EXERCISE DIRECTIONS.
Every entry is to be returned exactly as it stands; the pictures are to be dropped.
** DATA FOR REVIEW follows **
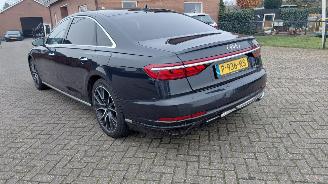 Audi A8 3.0i hybrid  lang uitvoering   310kw picture 9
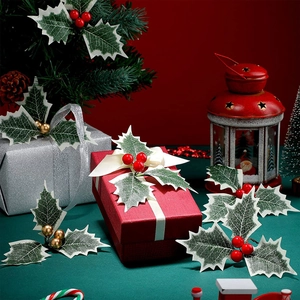 Bacche rosse di Natale artificiali e foglie di agrifoglio verdi per ghirlande natalizie DIY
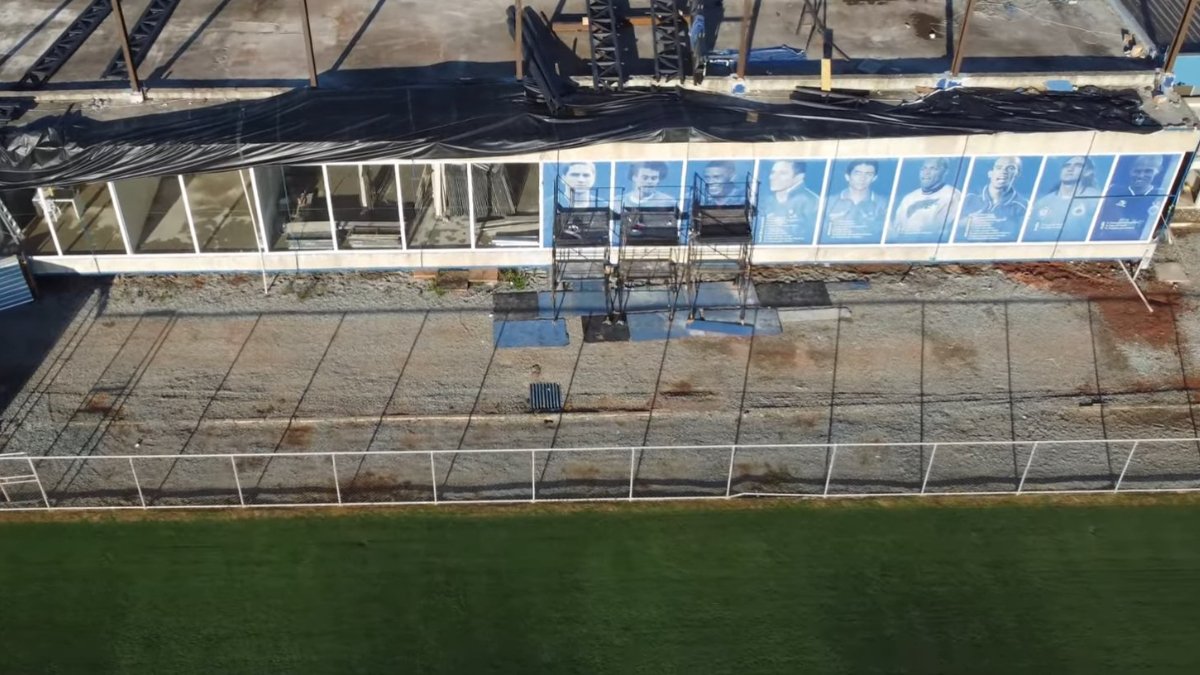 Mural com ídolos do Cruzeiro na Toca da Raposa 2 (foto: Reprodução/BHDrone)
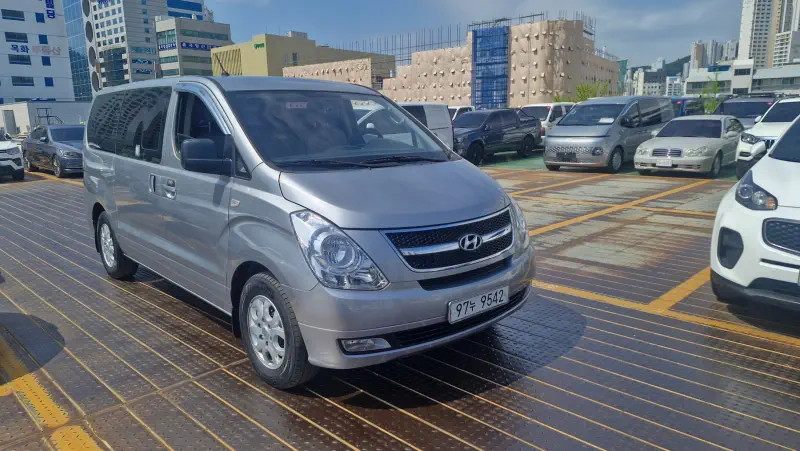 Hyundai Grand Starex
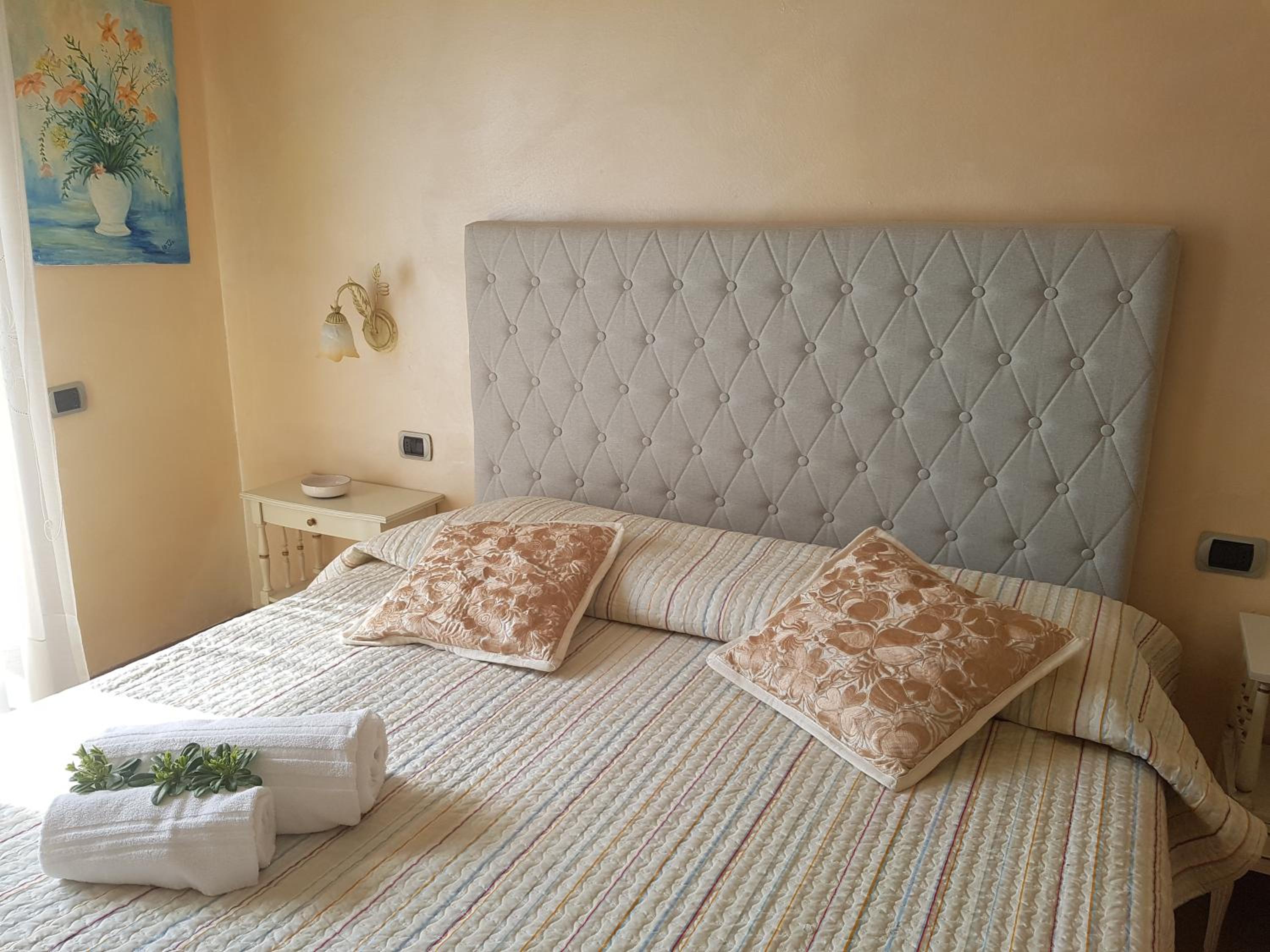 Double Room with Balcony (3 Adults) photo 2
** End of DATA FOR REVIEW **
WRITTEN RESPONSE.
 Audi A8 3.0i hybrid  lang uitvoering   310kw picture 9
 Bacche rosse di Natale artificiali e foglie di agrifoglio verdi per ghirlande natalizie DIY
 Mural com ídolos do Cruzeiro na Toca da Raposa 2 (foto: Reprodução/BHDrone)
 Hyundai Grand Starex
 Double Room with Balcony (3 Adults) photo 2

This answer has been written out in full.